### Work item:
Send back the data below exactly. Drop every picture.

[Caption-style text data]
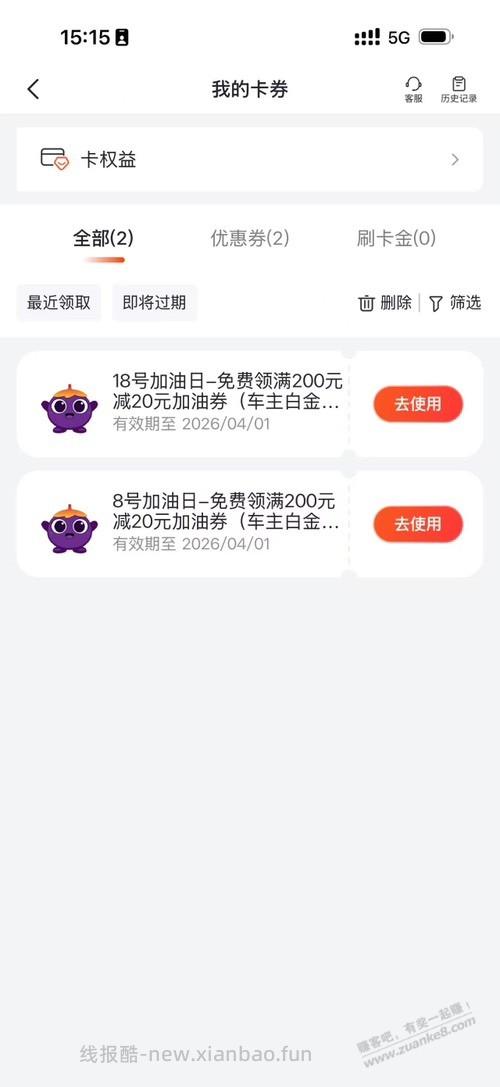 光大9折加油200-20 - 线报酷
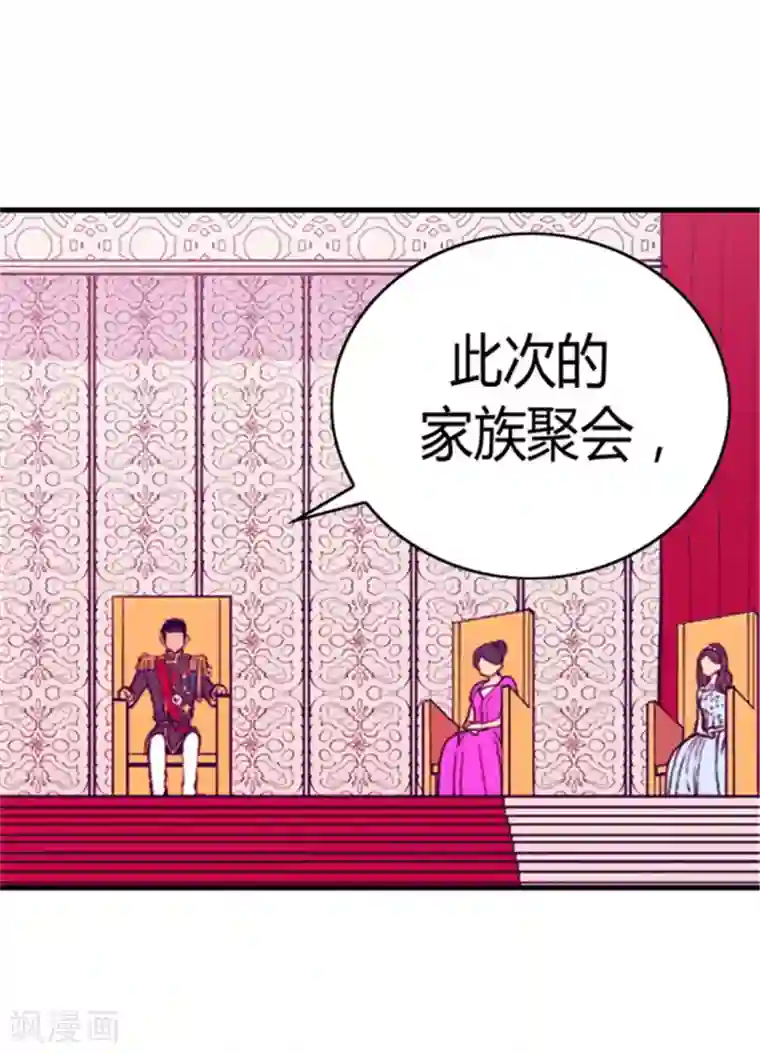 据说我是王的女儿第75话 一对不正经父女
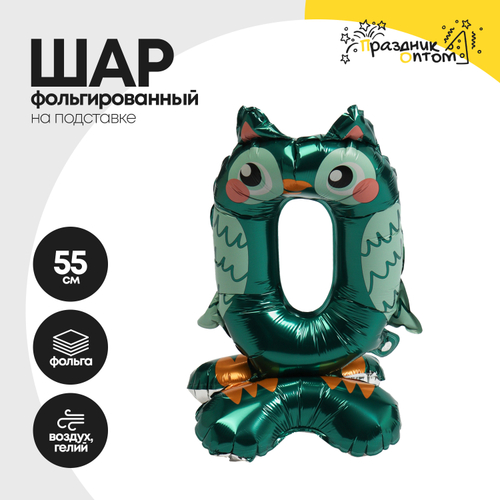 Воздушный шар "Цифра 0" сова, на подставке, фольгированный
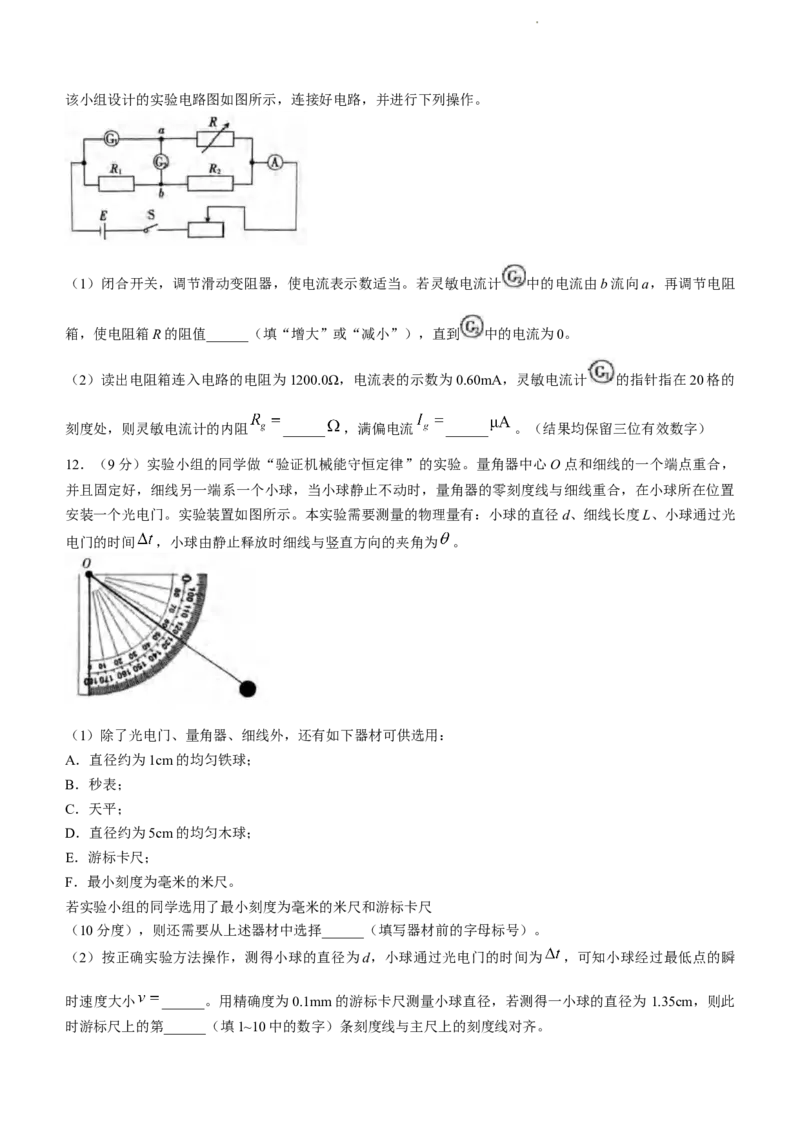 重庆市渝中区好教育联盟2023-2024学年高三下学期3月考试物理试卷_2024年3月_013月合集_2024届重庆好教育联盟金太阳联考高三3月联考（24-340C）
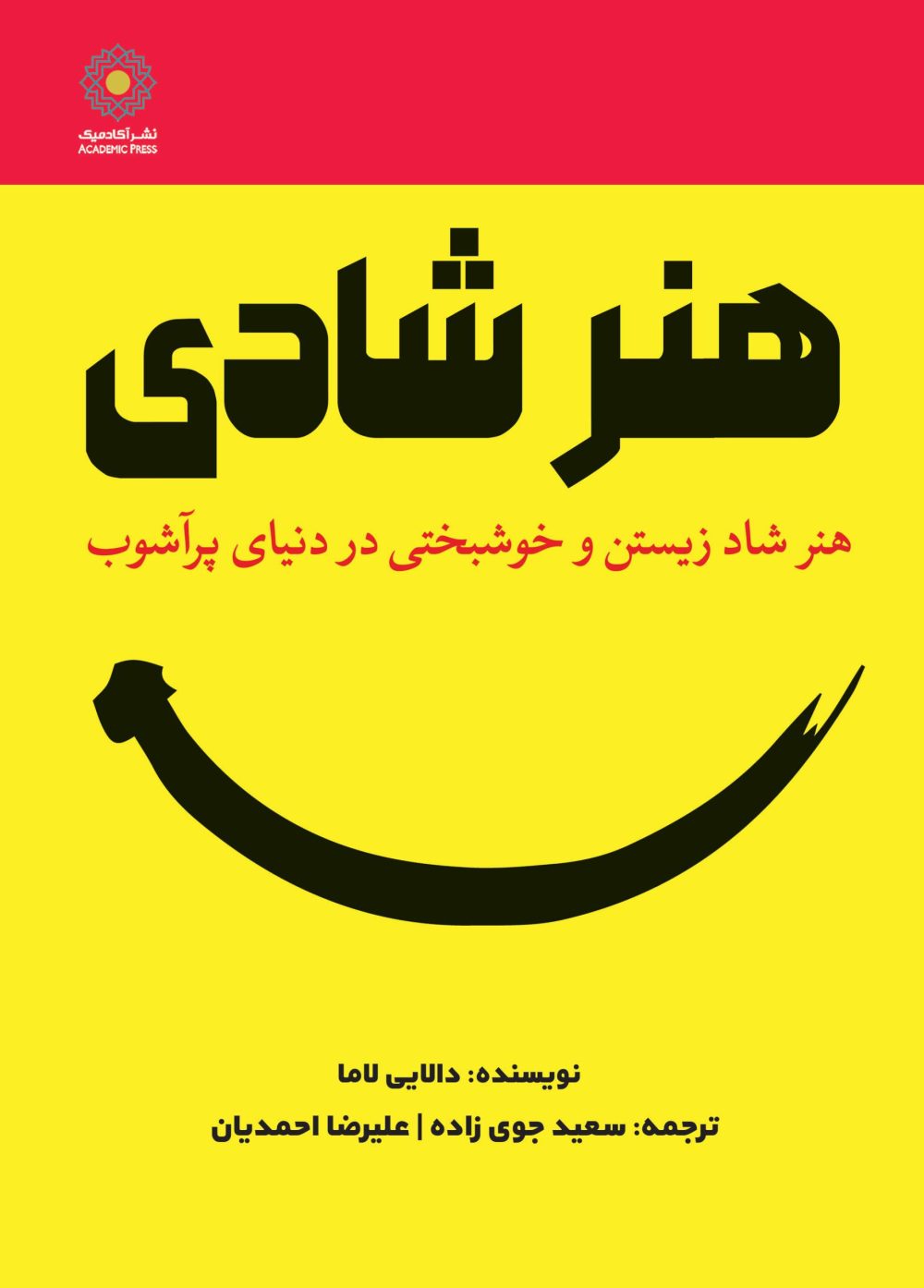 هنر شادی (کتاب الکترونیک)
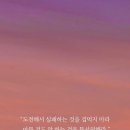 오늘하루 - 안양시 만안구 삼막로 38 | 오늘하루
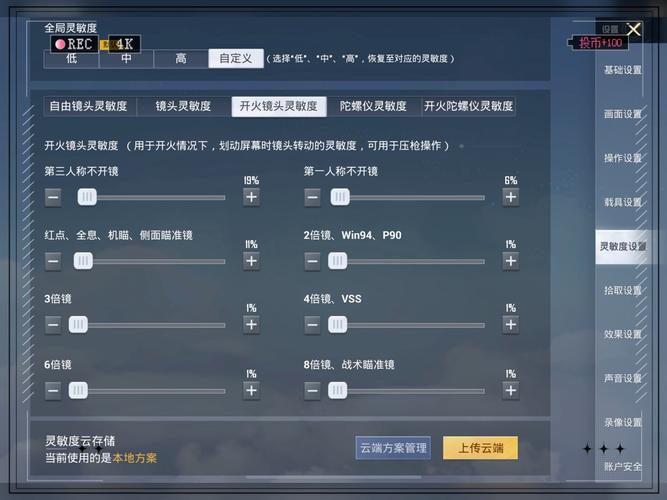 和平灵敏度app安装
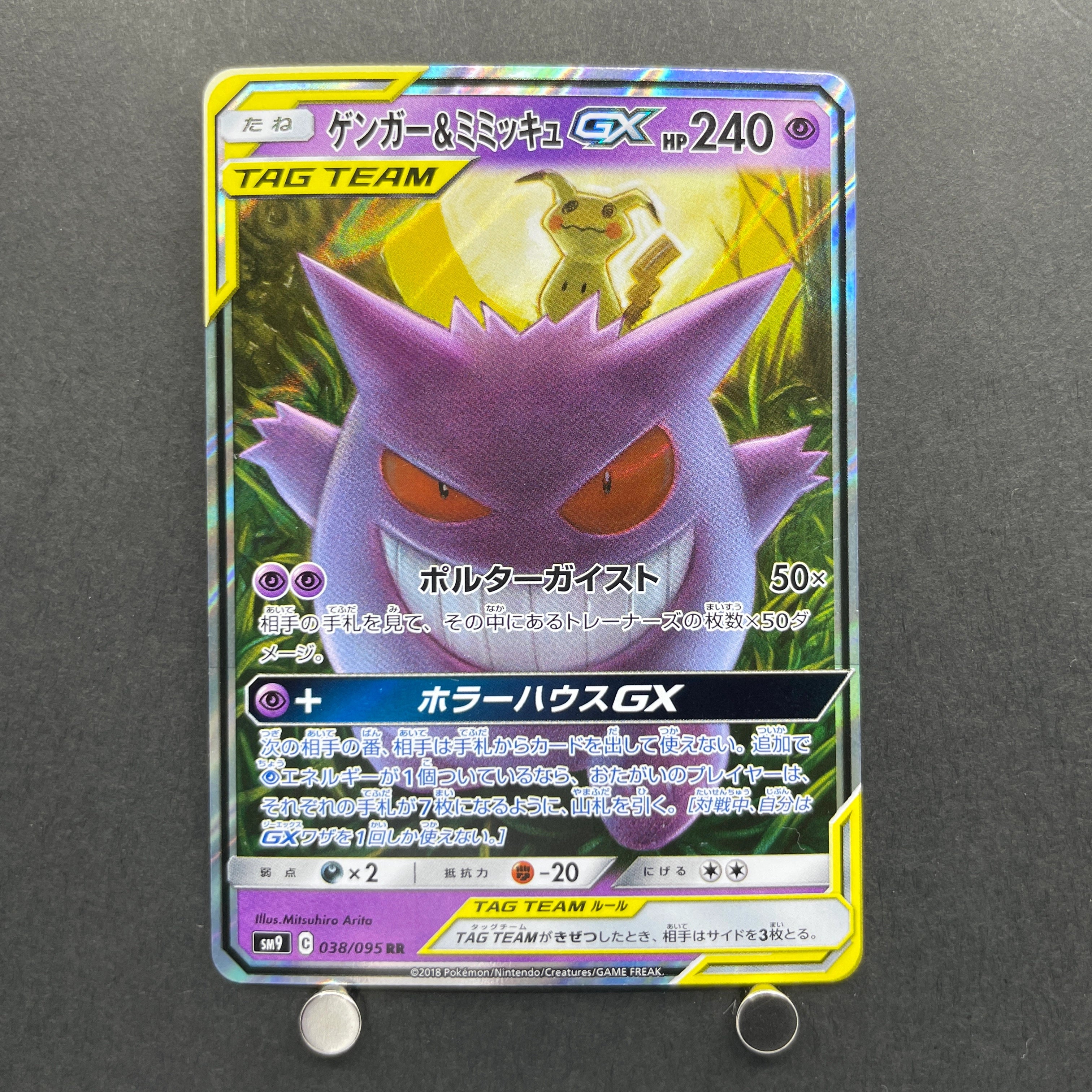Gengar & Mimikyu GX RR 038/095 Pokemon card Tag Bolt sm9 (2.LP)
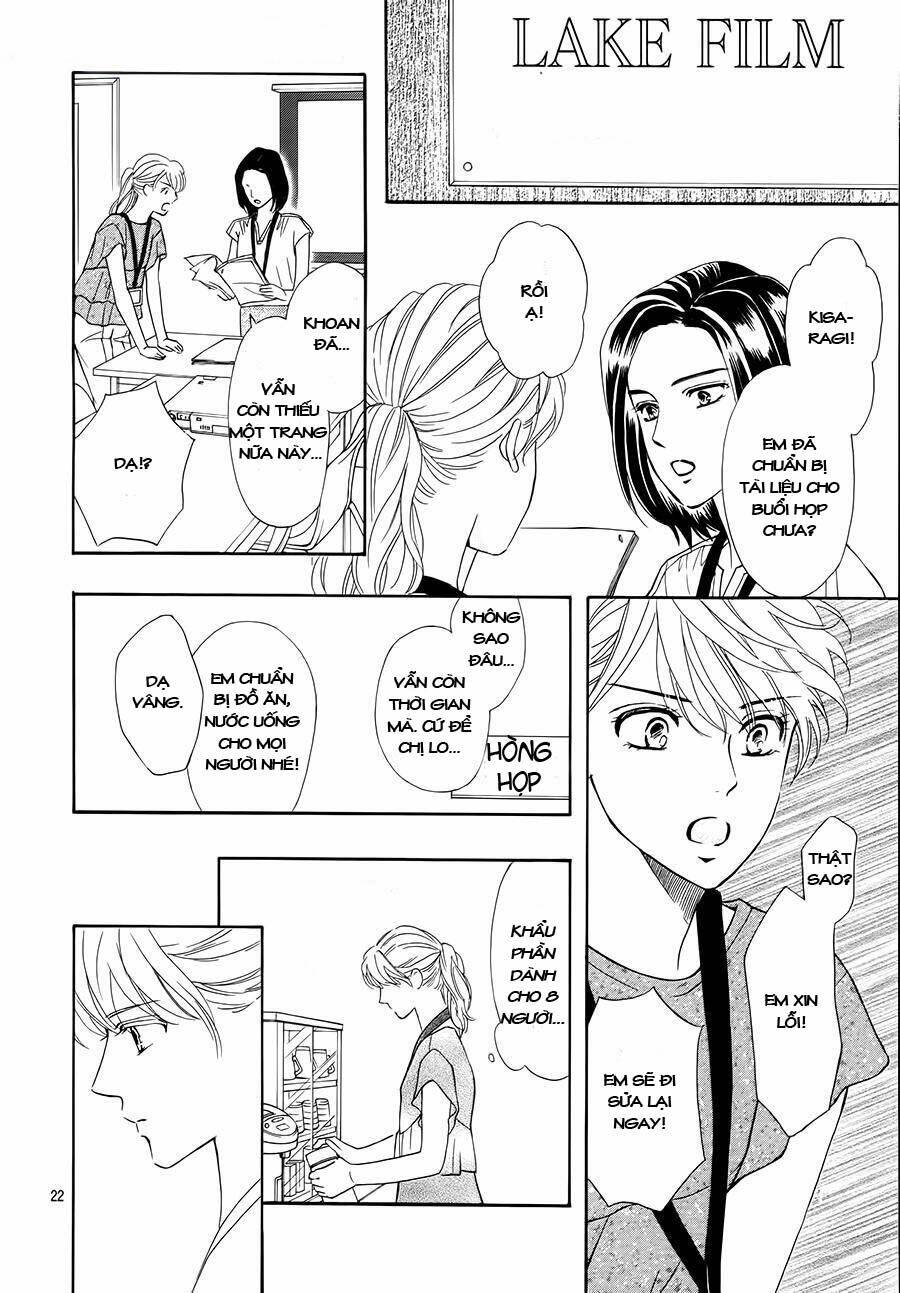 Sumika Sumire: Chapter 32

### Solution to this exercise:
 光大9折加油200-20 - 线报酷
 据说我是王的女儿第75话 一对不正经父女
 Воздушный шар "Цифра 0" сова, на подставке, фольгированный
 重庆市渝中区好教育联盟2023-2024学年高三下学期3月考试物理试卷_2024年3月_013月合集_2024届重庆好教育联盟金太阳联考高三3月联考（24-340C）
 هنر شادی (کتاب الکترونیک)
 오늘하루 - 안양시 만안구 삼막로 38 | 오늘하루
 和平灵敏度app安装
Gengar & Mimikyu GX RR 038/095 Pokemon card Tag Bolt sm9 (2.LP)
 Sumika Sumire: Chapter 32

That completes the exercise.